» Aim of the exercise: Leave the images aside and output every entry exactly.

*** Opening Available records ***

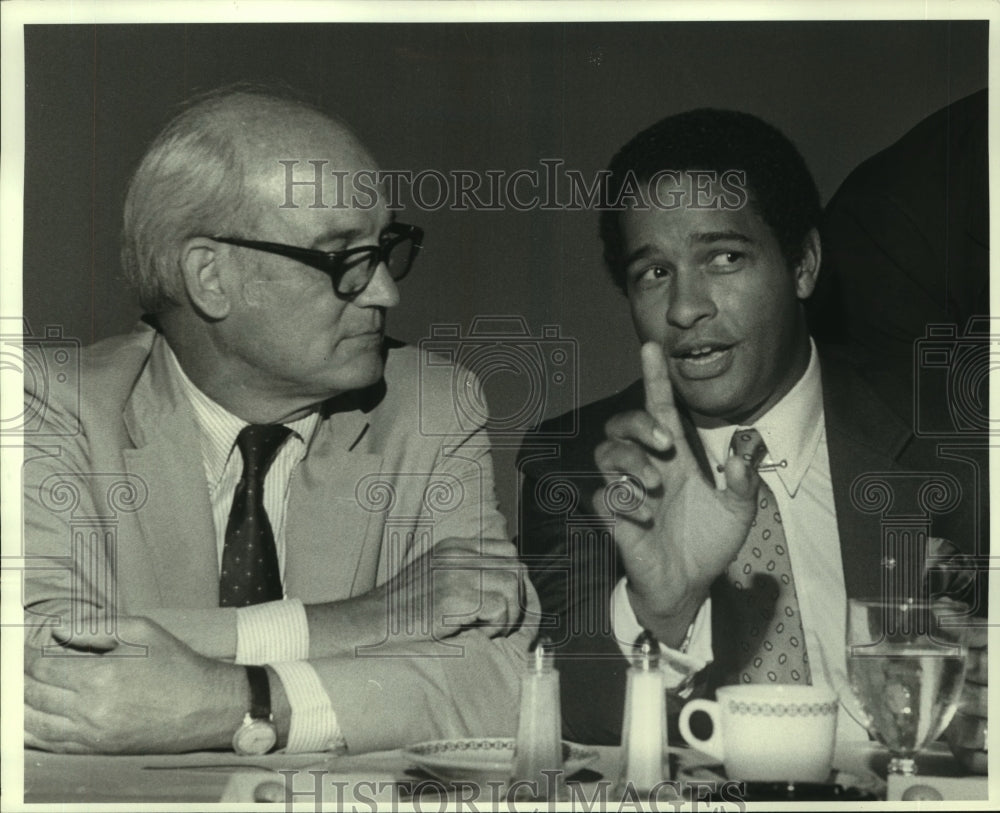 1981 Dixon Lovvorn and Bryant Gumbel keynote speaker at the Hyatt. - Historic Images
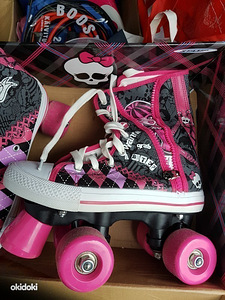 Роликовые коньки Monster High, размер 36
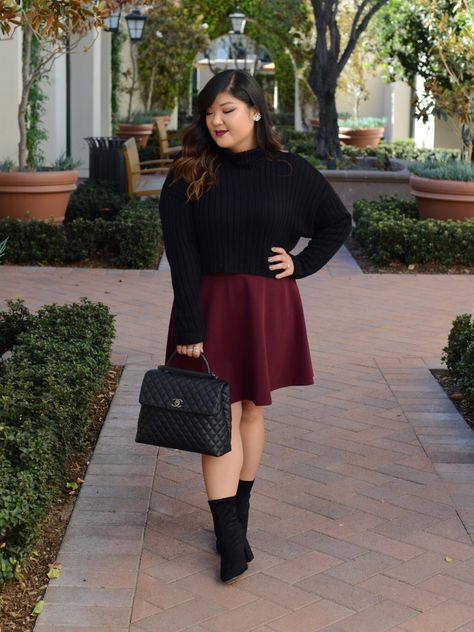 Curvy Girl Chic Plus Size Chunky Cropped Turtleneck Sweater and Burgundy Skirt Chanel Coco Handle Large Wide Width Sock Boots Burgundy Plus Size Outfits, Plus Size Skirt Outfits Fall, Curvy Christmas Outfit, Burgundy Skirt Outfit Fall, Chunky Girls, Earth Fashion, Plus Zise, Perfect Winter Outfit, Cropped Turtleneck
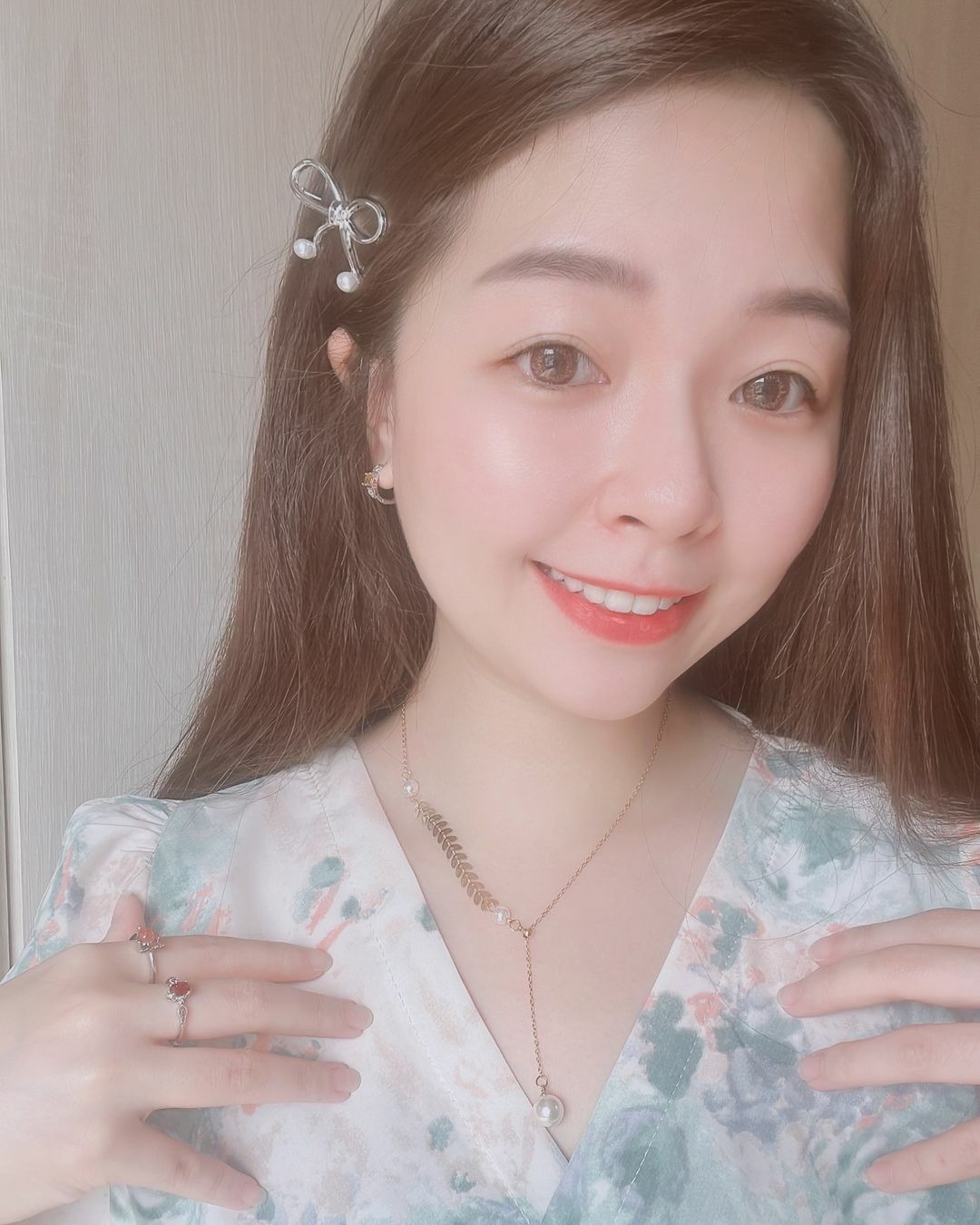 一邊是愛心麥穗🌾➕珍珠 一邊是金色細鏈 這樣的不對稱設計 在浪漫溫柔🩰中 添加了時尚個性元素，麥穗有幸運、豐收、與美好的寓意 珍珠有純潔、智慧、與幸福的意涵 兩者這麼美好的象徵合在一起 戴上這條項鍊 更加得到世界上最好的祝福與幸運🍀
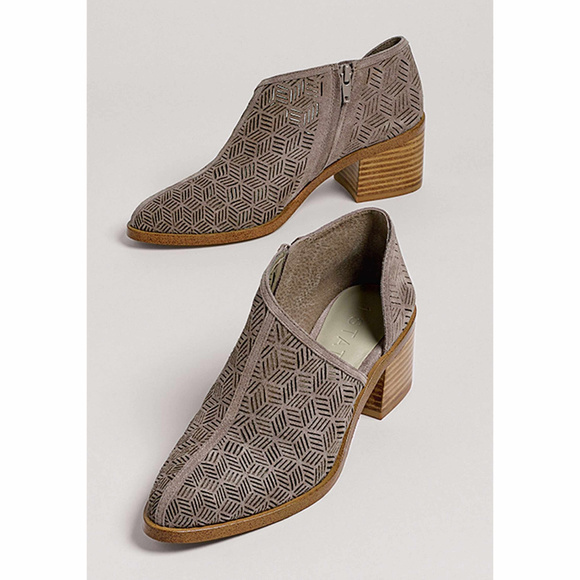 SOLD - Picture 2 of 4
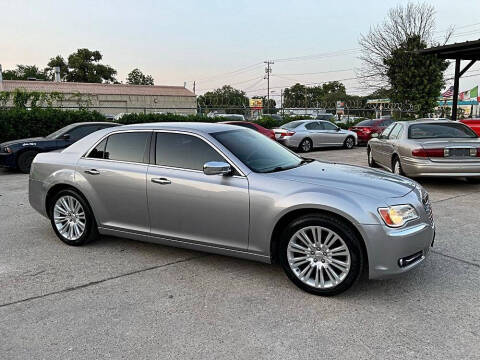 2011 Chrysler 300 C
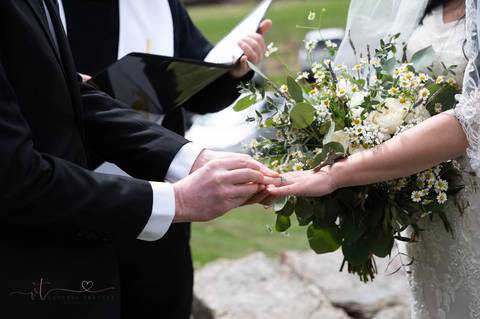 wedding photo
first look photography
best wedding photographer in CT
wedding dresses
wedding venues in CT
Vanessa Trettel Photography
White Silo Farm & Winery'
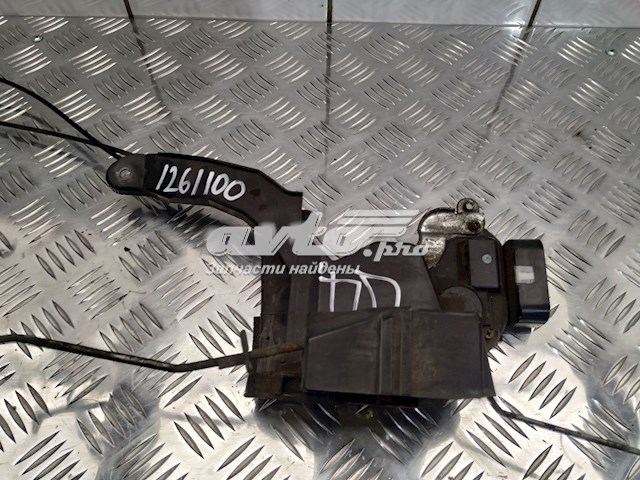 6930342100 Toyota cerradura de puerta delantera derecha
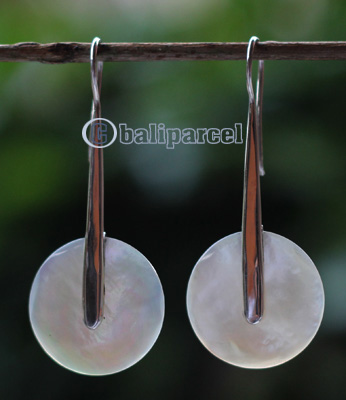 Earring Silver With Shell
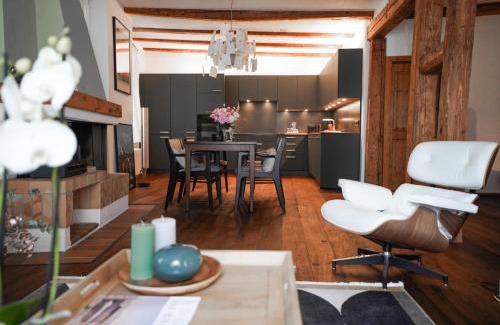 Niederdorf Apartment | Rooftop Chalet 2-Level Apartment in Old Town
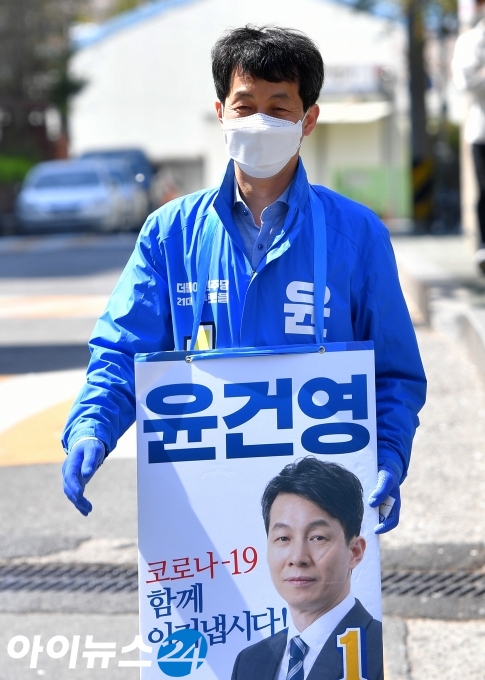 윤건영 더불어민주당 의원. [조성우 기자]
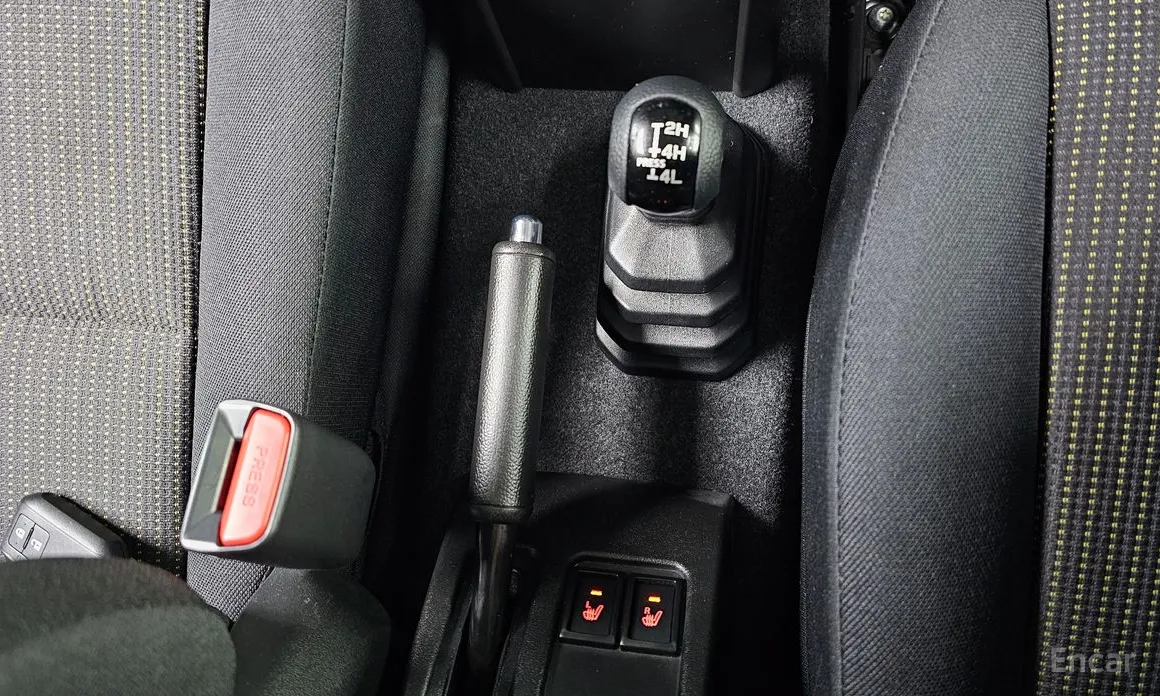 Фото 18 - Suzuki Jimny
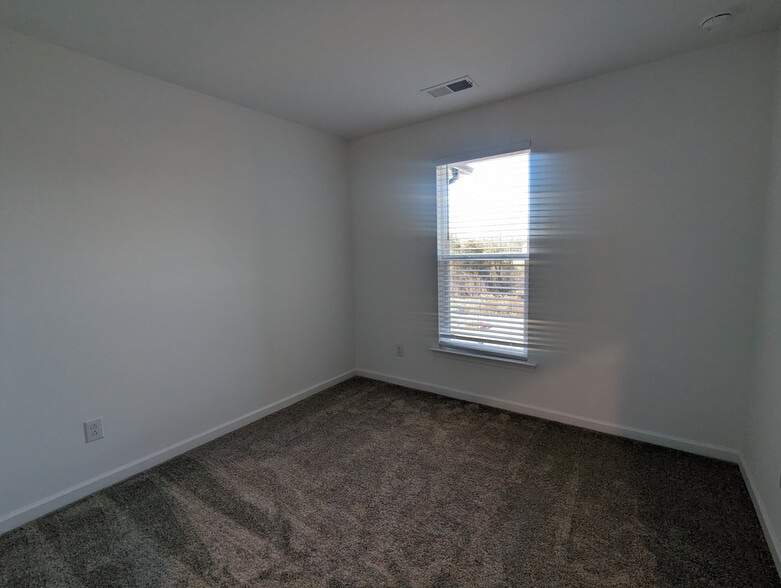 Building Photo - Room in Townhome on Leading St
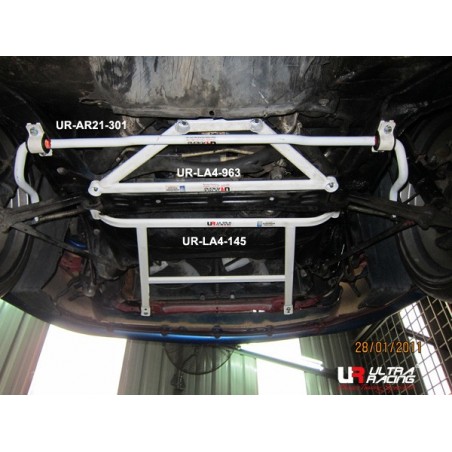 Refuerzo H 4 puntos subchásis delantero Ultra Racing Toyota MR2 SW20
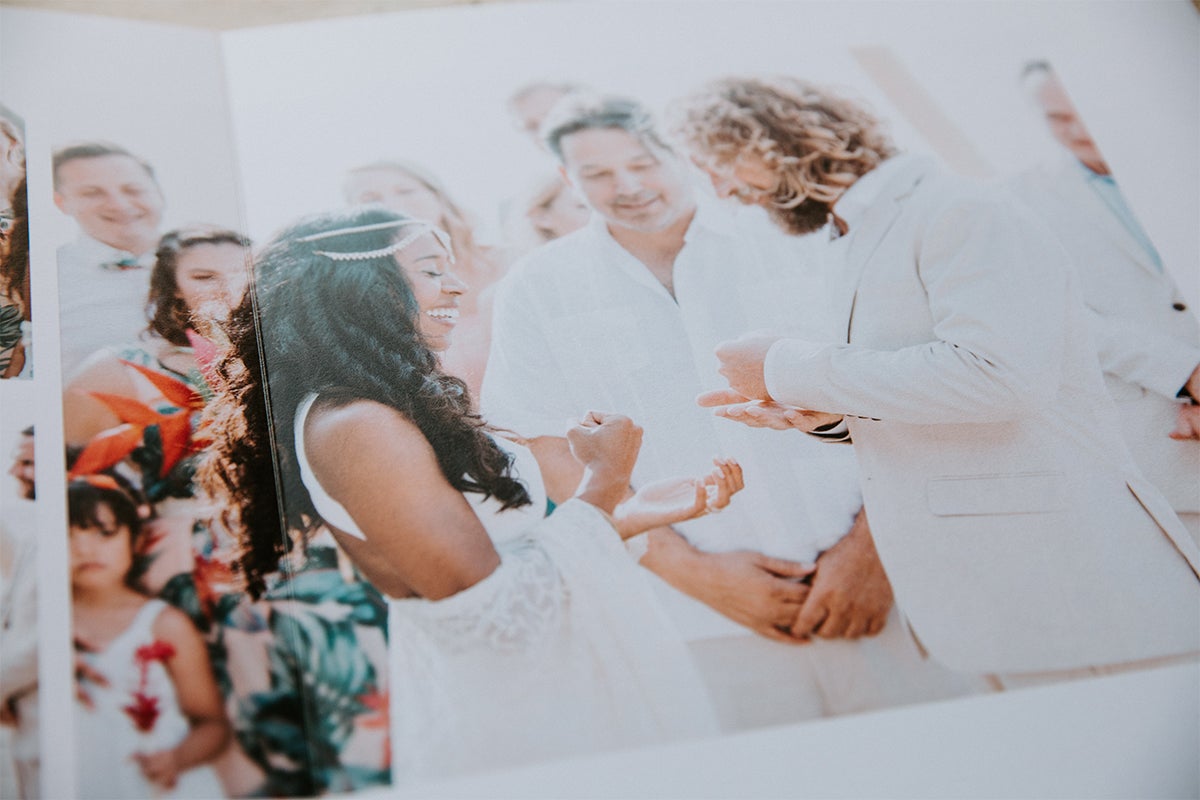 How to Create Your Picture-Perfect Wedding Album, Including Tips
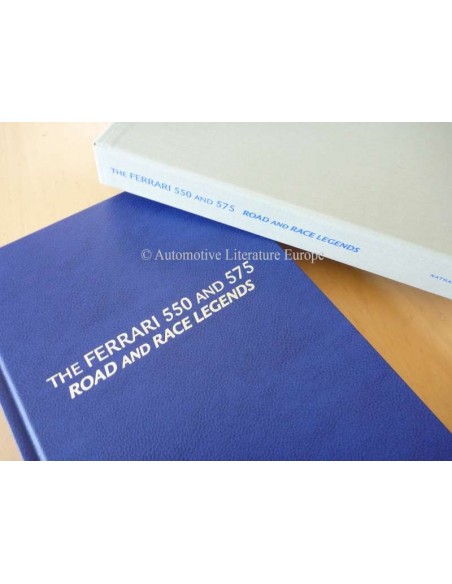 THE FERRARI 550 AND 575 ROAD AND RACE LEGENDS - THE BLUE LEATHER EDITION - NATHAN BEEHL - BOEK
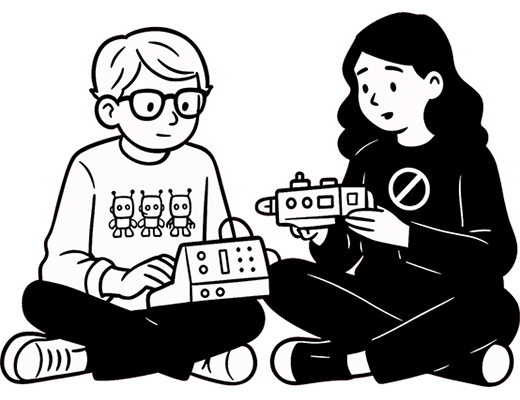 Garoto com camisa com robôs Toborino e menina brincam com computadores eletrônicos.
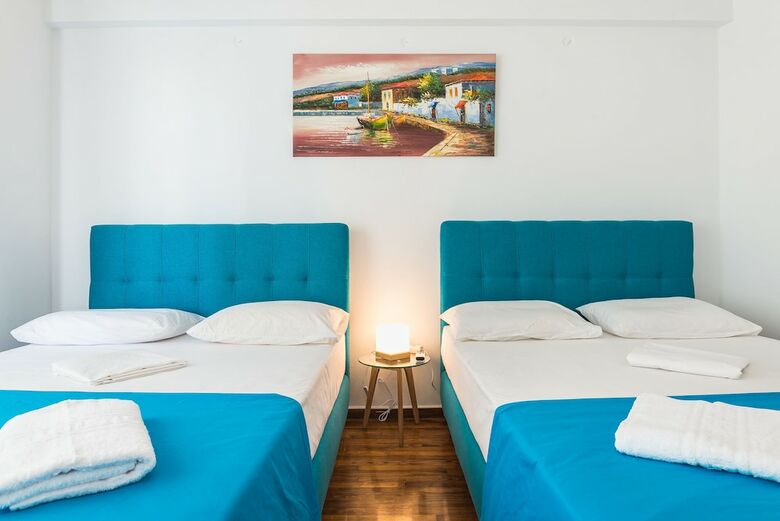 Super Paradise Apartments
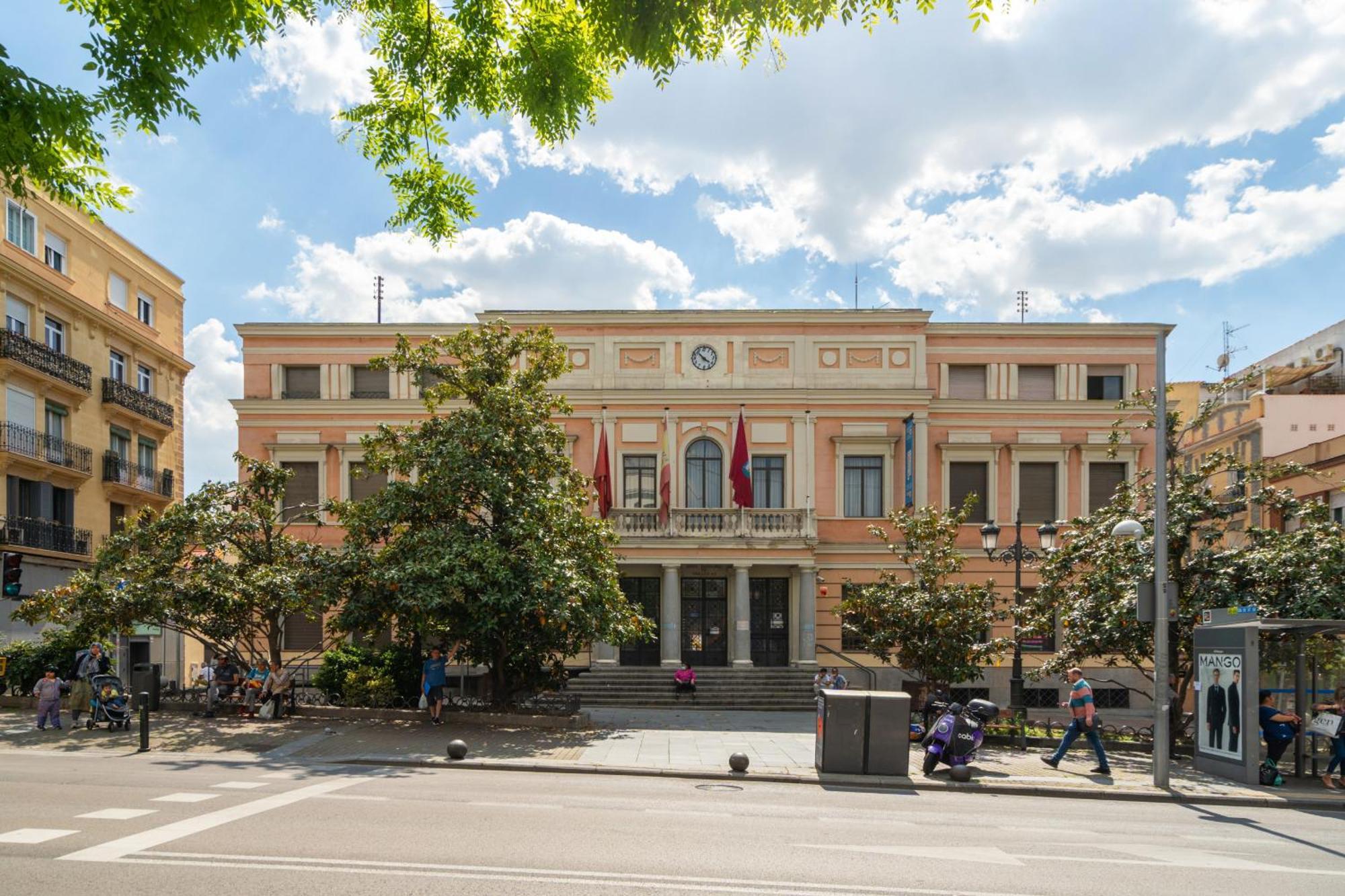Apartamento En La Avenida De La Albufera Alquiler Temporal Madrid Exterior photo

*** Closing Available records ***

» Solution to this exercise:
 1981 Dixon Lovvorn and Bryant Gumbel keynote speaker at the Hyatt. - Historic Images
 Роликовые коньки Monster High, размер 36
 Curvy Girl Chic Plus Size Chunky Cropped Turtleneck Sweater and Burgundy Skirt Chanel Coco Handle Large Wide Width Sock Boots Burgundy Plus Size Outfits, Plus Size Skirt Outfits Fall, Curvy Christmas Outfit, Burgundy Skirt Outfit Fall, Chunky Girls, Earth Fashion, Plus Zise, Perfect Winter Outfit, Cropped Turtleneck
 一邊是愛心麥穗🌾➕珍珠 一邊是金色細鏈 這樣的不對稱設計 在浪漫溫柔🩰中 添加了時尚個性元素，麥穗有幸運、豐收、與美好的寓意 珍珠有純潔、智慧、與幸福的意涵 兩者這麼美好的象徵合在一起 戴上這條項鍊 更加得到世界上最好的祝福與幸運🍀
 SOLD - Picture 2 of 4
 2011 Chrysler 300 C
 wedding photo
first look photography
best wedding photographer in CT
wedding dresses
wedding venues in CT
Vanessa Trettel Photography
White Silo Farm & Winery'
 6930342100 Toyota cerradura de puerta delantera derecha
 Earring Silver With Shell
 Niederdorf Apartment | Rooftop Chalet 2-Level Apartment in Old Town
 윤건영 더불어민주당 의원. [조성우 기자]
 Фото 18 - Suzuki Jimny
 Building Photo - Room in Townhome on Leading St
 Refuerzo H 4 puntos subchásis delantero Ultra Racing Toyota MR2 SW20
 How to Create Your Picture-Perfect Wedding Album, Including Tips
 THE FERRARI 550 AND 575 ROAD AND RACE LEGENDS - THE BLUE LEATHER EDITION - NATHAN BEEHL - BOEK
 Garoto com camisa com robôs Toborino e menina brincam com computadores eletrônicos.
 Super Paradise Apartments
Apartamento En La Avenida De La Albufera Alquiler Temporal Madrid Exterior photo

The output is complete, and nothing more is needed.